Maybe the Allies had suspected, belatedly, what was coming, had put two and two together from reports that Germany last week had concentrated grey-clad soldiers on Denmark's southern border, had carried out extensive embarkation and debarkation for landlubber fighting men at Baltic ports. For British minelayers one morning sowed three great fields along Norway's rugged coast, in Norway's territorial waters, minefields to drive German-bound ships with Swedish ore out into the open sea where the British Navy could get them. At one stroke this paralyzed ore shipping from Narvik, far north in Norway, where eight ore-laden German steamers were blocked in by the minefield in West Fjord.

Less than eight hours later Germany struck.

The Plan. Daring, ruthless, well conceived and swiftly executed was Hitler's plan. He would take Norway to protect his ore shipments, and use its fjords as bases for air, sea and submarine raids against Britain. He would take Denmark to insure his communications, and stop the Allies from establishing a wedge in her route from the north. He would take them so quickly that Sweden, hemmed in on the west by Norway, on the east by Russian-dominated Finland, would not dare to fight, could easily be beaten if she tried.
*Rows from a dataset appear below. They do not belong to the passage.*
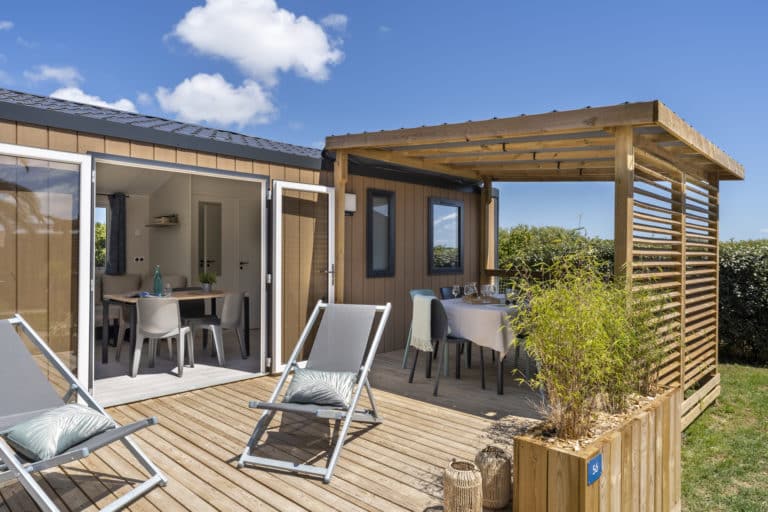 Terrasse en bois avec mobilier de jardin.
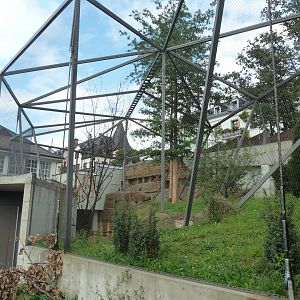 Birdhouse - Walk-through aviary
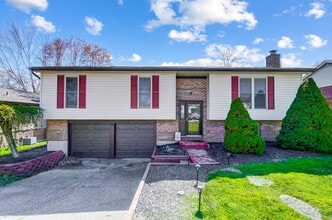 Building Photo - 10 Timberview Ct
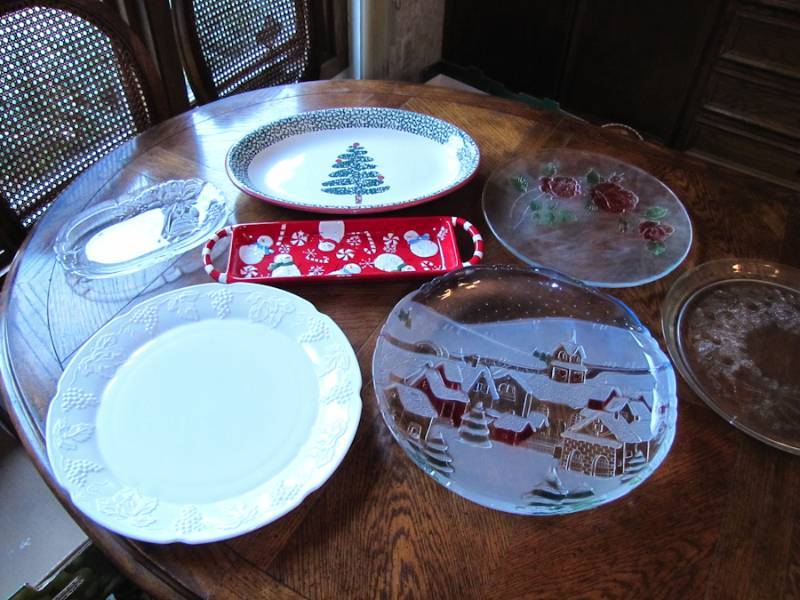 lot 62 image: Holiday  Christmas plates-platters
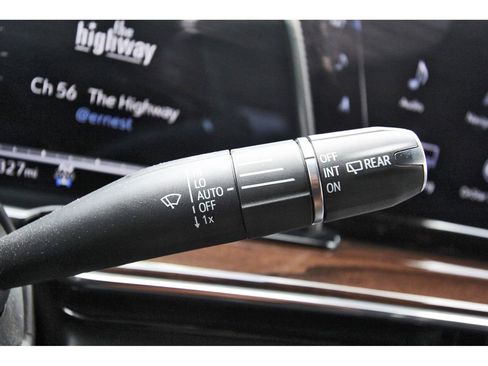 Used 2023 Cadillac Escalade Sport Platinum AWD/4WD image 19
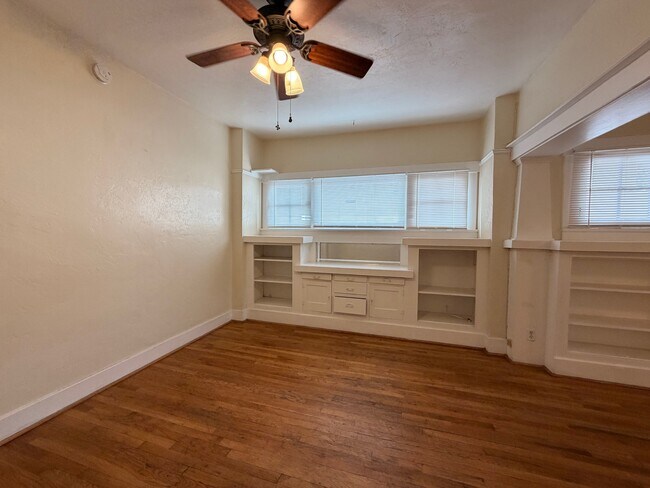 Building Photo - 1030 E 7th St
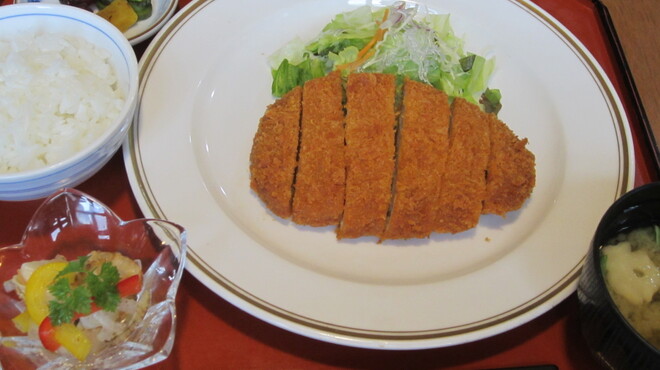 ベルベル　ソル - 料理写真:ﾎﾟｰｸｶﾂ&ﾎﾀﾃﾏﾘﾈ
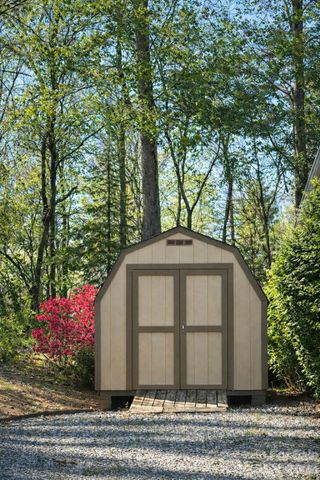 25 Eastwind Lane, Candler, NC 28715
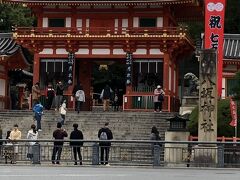 東福寺駅近くの喫茶店で朝食をとった後、京阪で祇園四条まで行く。
そこから、歩いて、八坂神社を目指す。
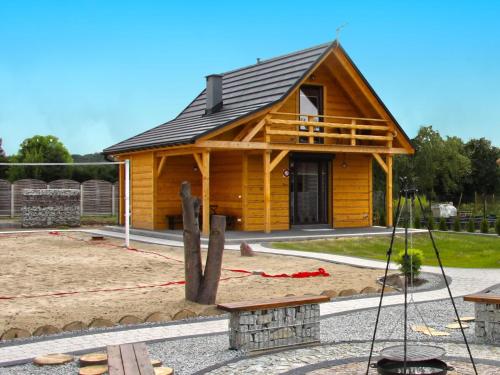 Holiday cottages with fireplace, right by the lake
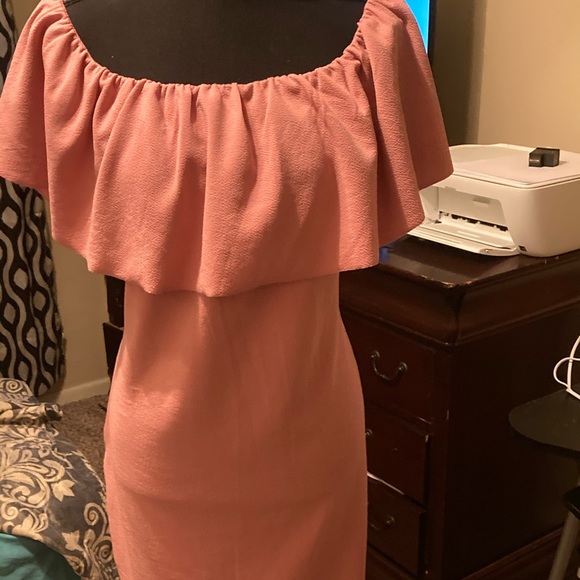 Dress - Picture 2 of 4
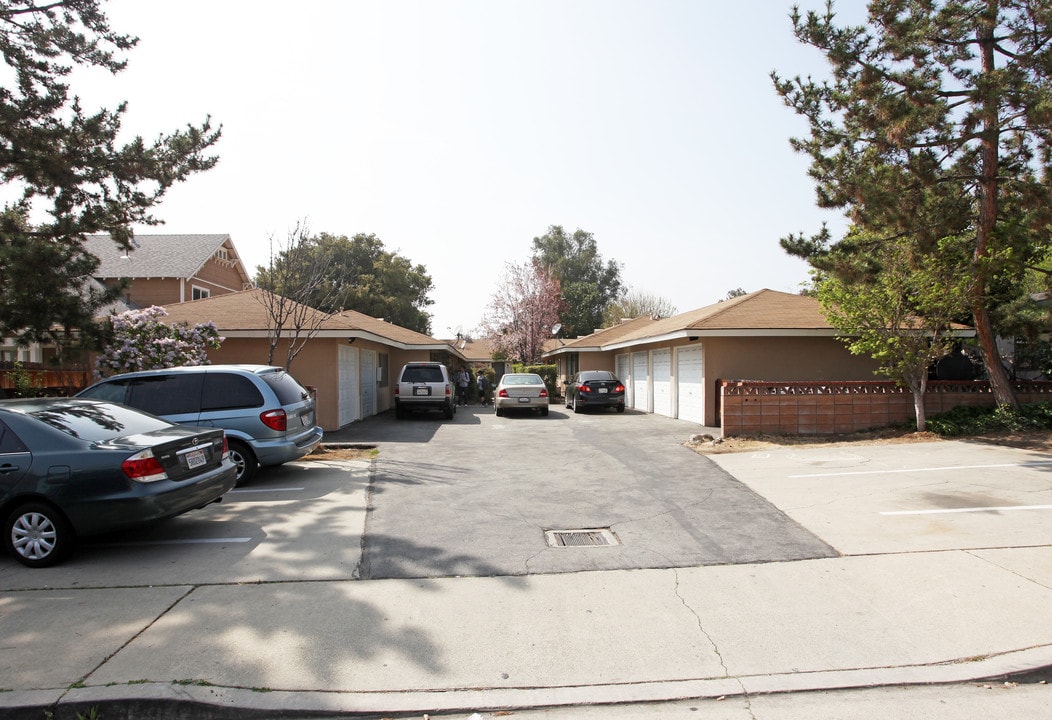 205 Oberlin Ave in Claremont, CA - Foto de edificio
It was a gamble on a great scale, fraught with the risk of extending an already long front and the danger of exhausting a vital hoard of oil and other strategic materials. To work it had to have 1) surprise, 2) complete and efficient coordination of the three striking arms, army, navy, air force, on a broader and more complicated scale than any war had ever seen before. It involved landing parties at many points over hundreds of miles, a swift invasion across Denmark's land border, preparation by air and sea bombardment.

The Attack. Before the first crashing chords of the new Berlin overture were heard, the orchestra began tuning in the pit. A British armed vessel off Norway's west coast fought two German submarines. Fishermen took ashore half a dozen dead, 40-10-50 wounded, of both nationalities. The Britisher and one submarine went down. British submarines were in the Skagerrak, past German minefields.

Near Lillesand, on Norway's southeast tip, a British sub sent two torpedoes crashing into the hull of the 5,261-ton German freighter Rio de Janeiro. The world knew she had slammed a troop transport when Norwegian fishermen reported picking up live and dead German soldiers in field uniform. The Rio de Janeiro had had aboard 500 soldiers, 80 horses. Where were they bound? Why? The overture began. Through the Skagerrak steamed a fleet of 125 German armed ships including one pocket battleship, either Admiral Scheer or Lutzow.

Norway ordered a blackout of every lighthouse on her coast. Into the Oslo Fjord steamed four warships—German. Norwegian coast defense batteries went into action and residents of Oslo fled to their cellars as they heard the door-slamming of the pieces and the bark of the naval guns in reply.